Financial market overview

Inflation Data Pushes Dollar Lower Ahead of Fed Decision

2023.06.14 05:27

  • Dollar slides as CPI numbers increase Fed skip chances
  • Fed decides today, spotlight to fall on dot plot
  • Wall Street extends rally after soft inflation prints

Inflation Data Pushes Dollar Lower Ahead of Fed Decision
US CPI data enhance the case for a Fed skip

The dollar traded lower yesterday after data showed that US consumer prices barely rose in May, taking the headline year-on-year rate down to 4.0% from 4.9%. That was the smallest increase in more than two years, adding to the view that the Fed is likely to skip raising rates today. Indeed, the probability of no action is now resting at around 92%.

That said, the core CPI rate only slid to 5.3% y/y from 5.5%, which is still more than double the Fed’s 2% objective. Therefore, investors continued to see a decent – albeit smaller than before the inflation data – probability of a July hike. Ahead of the inflation numbers, investors were foreseeing 20bps worth of a hike for July. Today, they are penciling in 18bps. They are also seeing nearly a quarter-point cut by the end of the year.

Dot plot could support the dollar
With all that in mind, today, market participants will be sitting on the edge of their seats in anticipation of the FOMC decision. Given that they are nearly certain that the Fed will refrain from pushing the hike button after 10 straight hikes, a skip on its own is unlikely to trigger much market volatility. The spotlight is likely to quickly turn to the updated macroeconomic projections and the new dot plot.

If policymakers raise their median dot for 2023, the dollar could still rally despite officials skipping a rate hike, as this could be interpreted as a July rate increase and no cuts for this year. For the dollar to come under strong selling interest, the Fed may need to stay sidelined and signal that they are probably done raising rates, which appears to be the least likely scenario given how high underlying inflation is.

But reversal case remains premature
Having said all that though, even if the dollar strengthens due to a hawkish pause, it may be premature to argue about a potential bullish reversal. After all, investors appeared overwhelmingly willing to sell the greenback when data was supporting the case of a wait-and-see approach at today’s gathering. What’s more, there are more major central bank decisions pending in the days ahead, with the ECB deciding tomorrow and the BoE next week. Hawkish rhetoric by those banks could push the dollar lower against the euro and the pound.

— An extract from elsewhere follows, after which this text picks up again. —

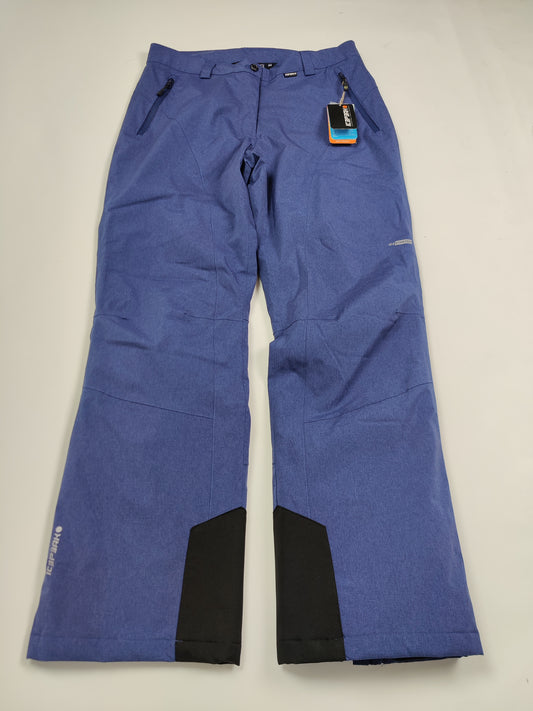 Icepeak Skibroek Melia Blauw Nieuw Dames XXL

A trend reversal in the greenback seems premature from a technical standpoint as well. The move that could prompt examination of that case may be a decisive break of the above the 105.50 territory, as such a technical break may signal the completion of a double bottom formation on the daily chart.

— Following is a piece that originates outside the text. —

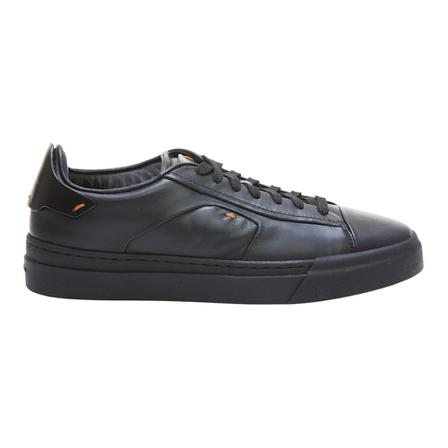 Santoni Sneakers Sort, Herre, Størrelse: 43 EU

Stocks jump on increasing speculation of a Fed pause
Wall Street extended its rally yesterday, with the Nasdaq gaining the most, as the CPI data added more credence to the case of the Fed taking the sidelines today. The tech-heavy index seems to be more sensitive to changes in expectations about interest rates as high-growth tech firms are usually valued by discounting estimated cash flows for the quarters and years ahead. A lower implied interest rate path means higher present values for stocks and vice versa.

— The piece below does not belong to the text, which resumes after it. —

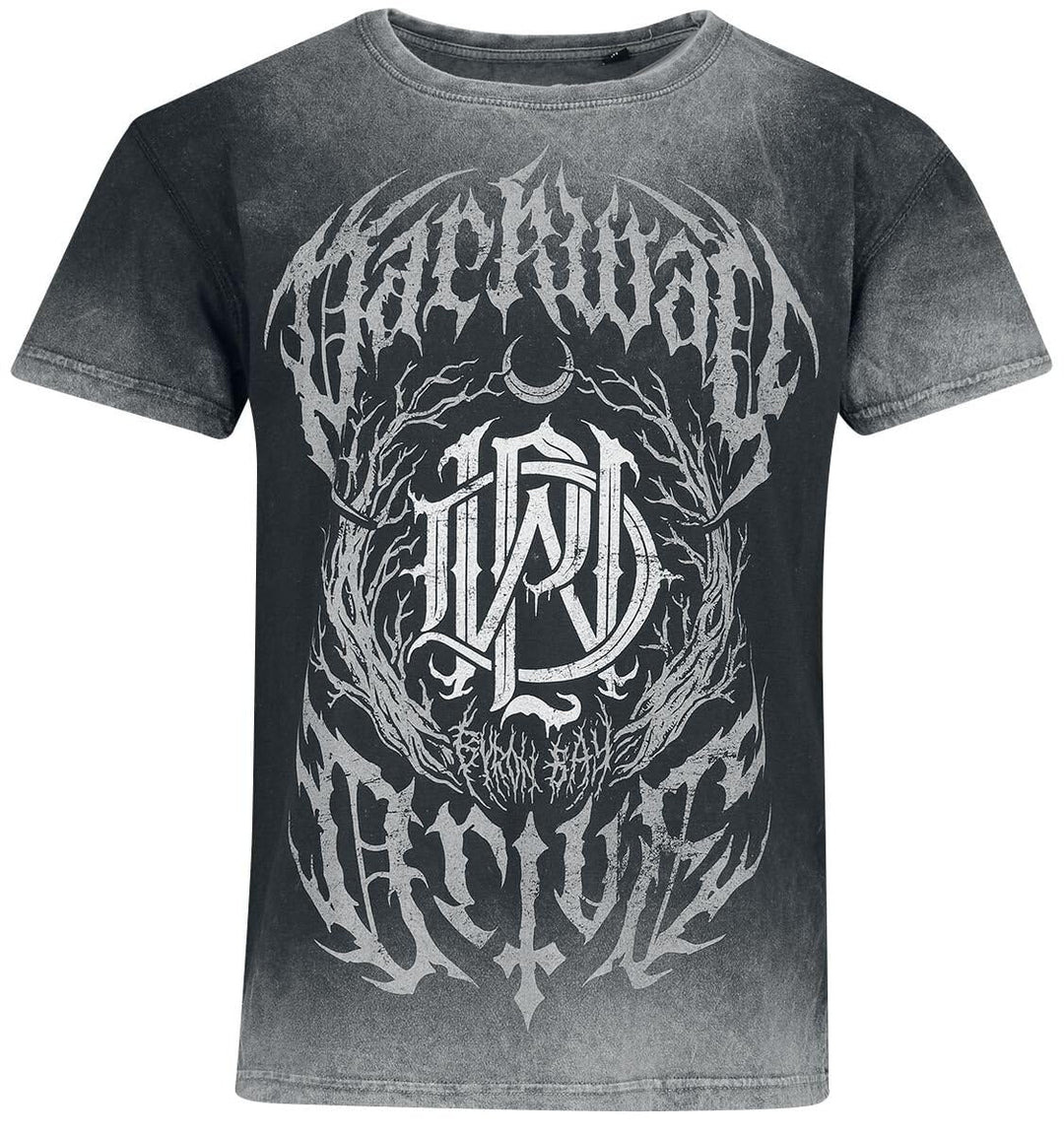 Parkway Drive Metal Crest Männer T-Shirt dunkelgrau/hellgrau Band-Merch, Bands M Dunkelgrau/Hellgrau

The decision by the Chinese central bank to lower a short-term lending rate for the first time in 10 months has also been providing support to equities. Recent data out of China has been suggesting that the post-pandemic economic recovery is losing momentum and thus, People’s Bank of China’s actions were more than cheered by the financial community. Further reduction in rates could be possible on Thursday when the central bank is expected to roll over 200bn yuan in medium-term lending facility loans.

Having said all that though, with the Nasdaq rallying nearly 44% from its October lows and not decently correcting lower since mid-March, the risks of a short-term retreat likely continue to increase. The catalyst for such a correction may be a potential liquidity squeeze due to US Treasury bill issuance.